Top 10 Racist Supreme Court Rulings
http://civilliberty.about.com/od/raceequalopportunity/tp/supreme_racism.htm
Among the top 10,
– first five involved African-Americans, 2nd five were involved Asian-Americans
– #2-#5 of the first five also were applied in laws to Asian-Americans
– #6, #7, were about citizenship.
– #6 only applied to Asian-Americans as the Naturalization Act of 1906 and the Naturalization Act of 1870 permitted both whites and blacks, and persons of European origin AND African origin (even those born in Africa) to become US citizens, but excluded persons born in Asian countries.
– #5 & #8 are related, dealing with whether a state-sponsored school district is compelled to provide schooling for blacks and Asians respectively when there is no school for them, but a white school available. The answer was NO. Both were overturned in Brown v. Board (1954), as was #4.

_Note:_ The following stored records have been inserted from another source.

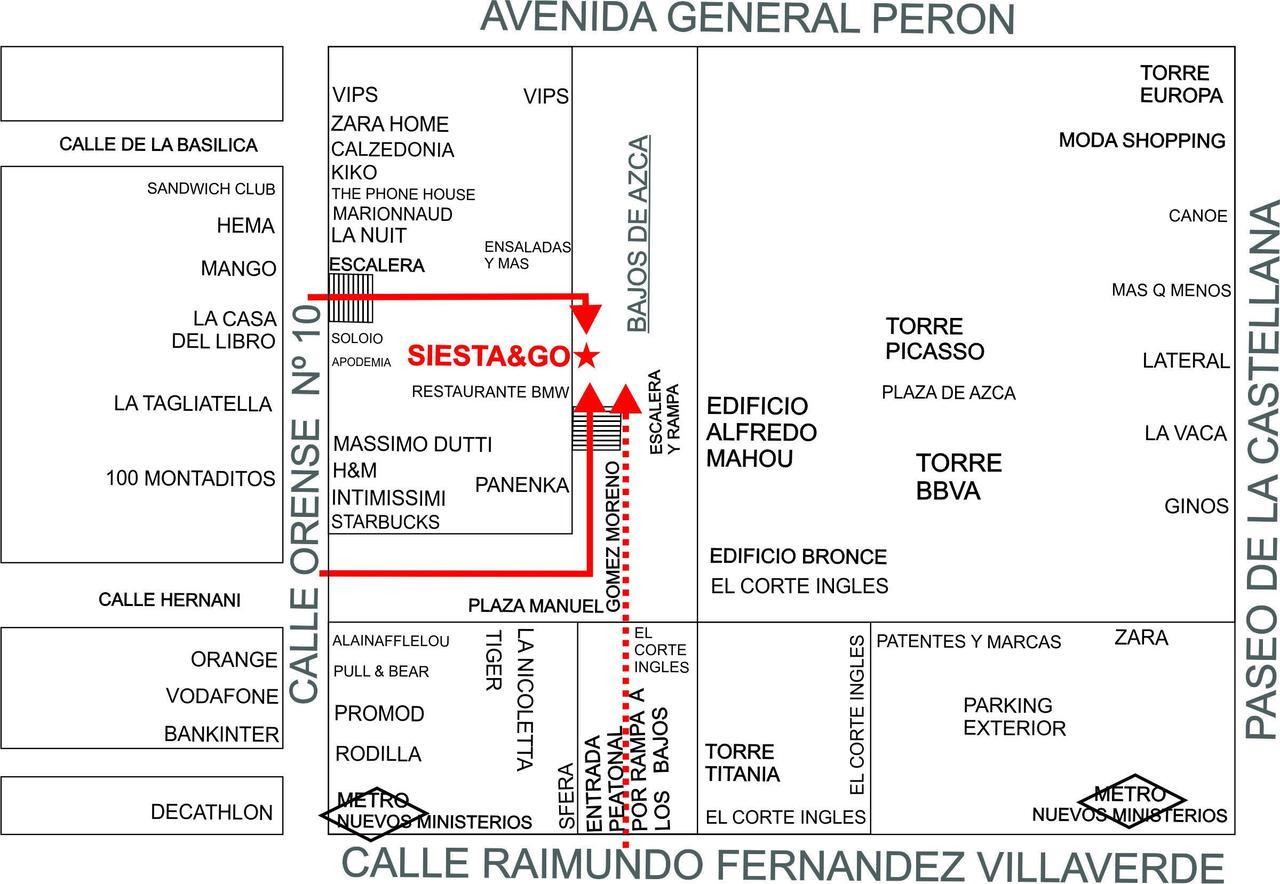 Hostal Siesta & Go Nuevos Ministerios Madrid Exteriör bild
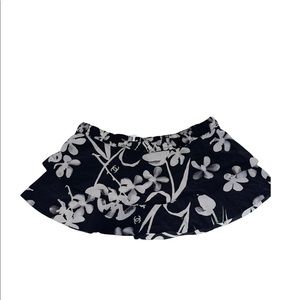 Authentic rare vintage Chanel swim mini skirt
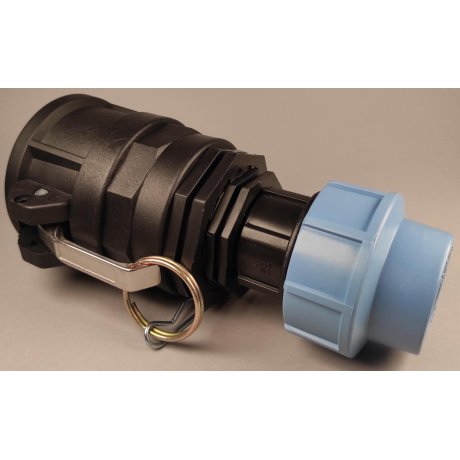 IBC redukce camlock na PPS trubku 32mm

– the Fourteenth Amendment invalidated #1
– Loving v. Virginia (1967) invalidated #2, However, Alabama kept the law on its states books until Nov. 2000 (when it was finally repealed).
– The Civil Rights Act of 1964 overturned #3
– Immigration and Nationality Act of 1965 invalidated #6 & #7
– #9 & #10 – the US Federal Govt purposely deceived the SCOTUS to obtain the desired ruling. Concealed documents were not made available until many decades later.
– #9 was overturned only in 1986-87
– #10 was never officially overturned. Only in 2011 (after Korematsu’s death) did the Department of Justice file official notice conceding that it was in error, reducing the value of its use as a precedent for future cases. But still, the US govt can still apply the same principle today (And some may argue, still does).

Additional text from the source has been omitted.